Police take 45 minutes to arrive at a burglary next to their own station in Hartlepool

We’re driving, very slowly, through a housing estate in Hartlepool. It’s just before 3.30am and, unsurprisingly at this ungodly hour, the streets are deserted.

Except for a lone figure ahead of us skulking in allotments backing onto a row of houses, our third such sighting of the same man acting suspiciously in the vicinity.

When the person sitting next to me at the wheel, ex-store detective Terry Hughes, shines a torch at him from inside the car, he rides off on a mountain bike but not before the beam momentarily lights up his face.

‘I know him,’ Terry suddenly exclaims: ‘He’s a villain, a scumbag.’

Terry, it turns out, has ‘detained’ him several times at local stores in the past and ‘ended up on the floor’ during the ensuing struggle to stop him escaping with stolen goods. He’s not just guilty of ‘shoplifting’, Terry says, but also burglaries and car crime for which he has served time in prison.

Terry rings 101, the non-emergency number for the police, and passes on the name of the ‘suspect’, that he is a ‘known criminal’, as well as the location where he was last spotted, opposite the Stag And Monkey pub, on the corner of Belle Vue Way and Brenda Road.
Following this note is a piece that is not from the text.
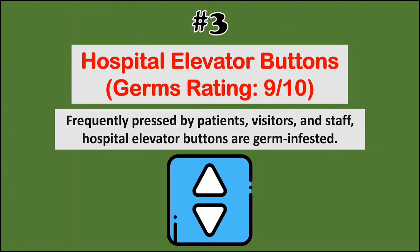At number 3, we have hospital elevator buttons. Frequently pressed by patients, visitors, and staff, hospital elevator buttons are germ-infested.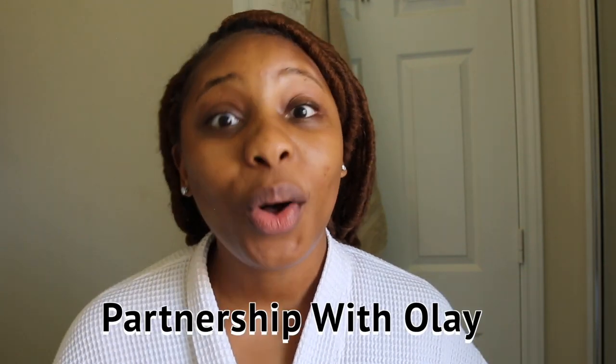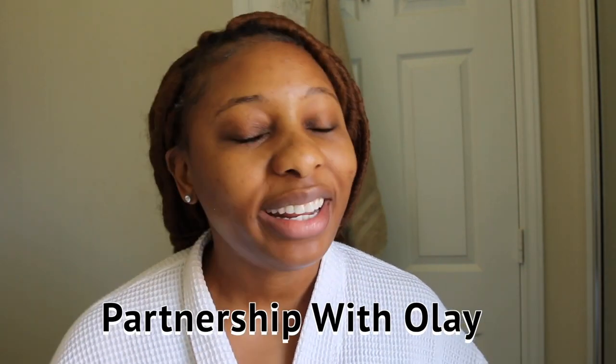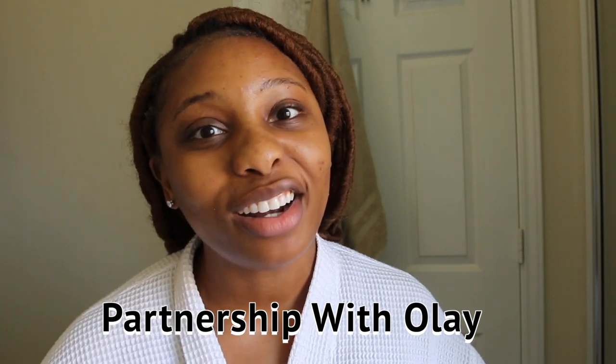What's up gems, it's your girl Crystal, and I have partnered with Olay to bring you all this 28-day challenge that I embarked on to brighten up my acne scars. The product I'm featuring is the Olay Regenerist Vitamin C Plus Peptide 24 Hydrating Moisturizer, which has the capacity to brighten your skin and hydrate your skin. It is a clean product — it does not have any phthalates, parabens, or synthetic dyes.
The operator replies: ‘We’ll send a car around to take a look.’

Fifteen minutes pass, then 20 and 30. After nearly, 40 minutes, there’s still no sign of a patrol car.

No one expected otherwise, of course.

This is not meant to be a criticism of the overworked rank-and-file officers on the perilously thin blue line in Hartlepool; just a statement of fact, that on some nights, Hartlepool, County Durham, population 90,000, is left with just ten officers on duty at a time.

Terry Hughes, one of a band of Hartlepool residents who have taken measures to keep fellow residents safe by patrolling the streets wearing a bodycam

Terry Hughes, one of a band of Hartlepool residents who have taken measures to keep fellow residents safe by patrolling the streets wearing a bodycam

Terry Hughes, one of a band of Hartlepool residents who have taken measures to keep fellow residents safe by patrolling the streets wearing a bodycam

They say there are lies, damned lies and statistics, but there is only one way these statistics, revealed this week following a BBC investigation, can be interpreted and the implications are alarming.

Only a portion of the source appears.